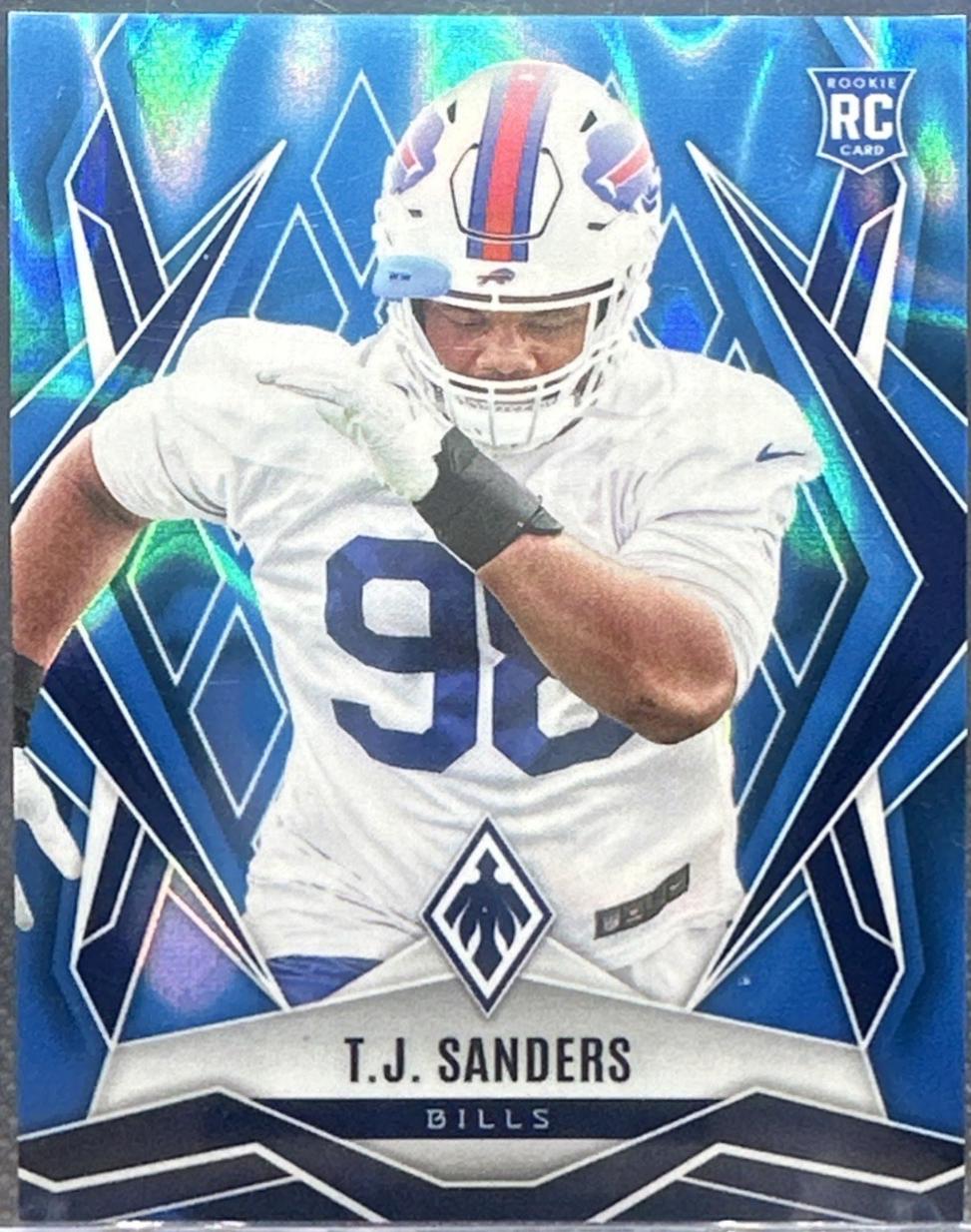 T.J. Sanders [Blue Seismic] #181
════════════════════
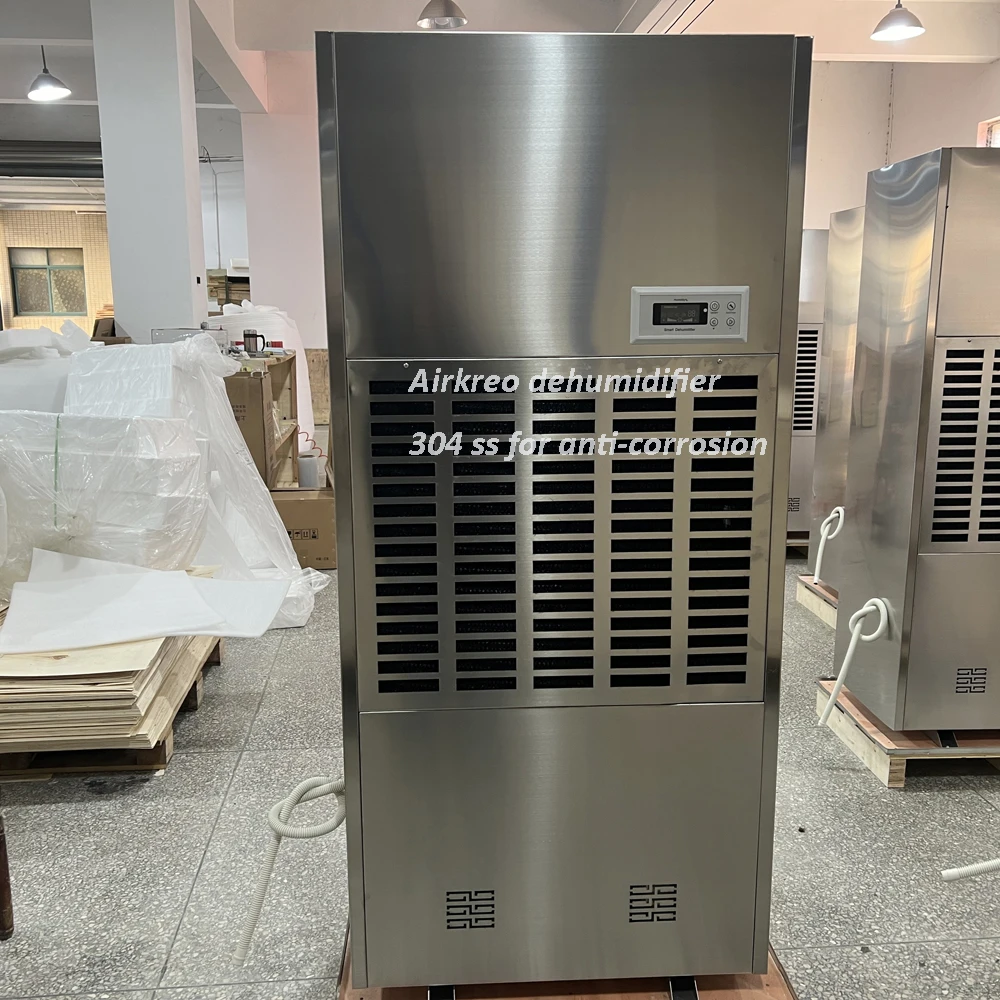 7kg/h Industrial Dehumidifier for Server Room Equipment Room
════════════════════
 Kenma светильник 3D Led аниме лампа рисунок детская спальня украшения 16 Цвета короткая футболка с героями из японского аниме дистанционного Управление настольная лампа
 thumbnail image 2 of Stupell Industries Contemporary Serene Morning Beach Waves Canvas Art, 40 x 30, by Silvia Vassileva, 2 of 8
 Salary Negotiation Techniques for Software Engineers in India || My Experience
════════════════════
WORK INSTRUCTION
From the data above, reproduce word for word the lines running from the line with "thumbnail image 2" to the line with "Salary Negotiation Techniques", ends included.

TASK SOLUTION
 thumbnail image 2 of Stupell Industries Contemporary Serene Morning Beach Waves Canvas Art, 40 x 30, by Silvia Vassileva, 2 of 8
 Salary Negotiation Techniques for Software Engineers in India || My Experience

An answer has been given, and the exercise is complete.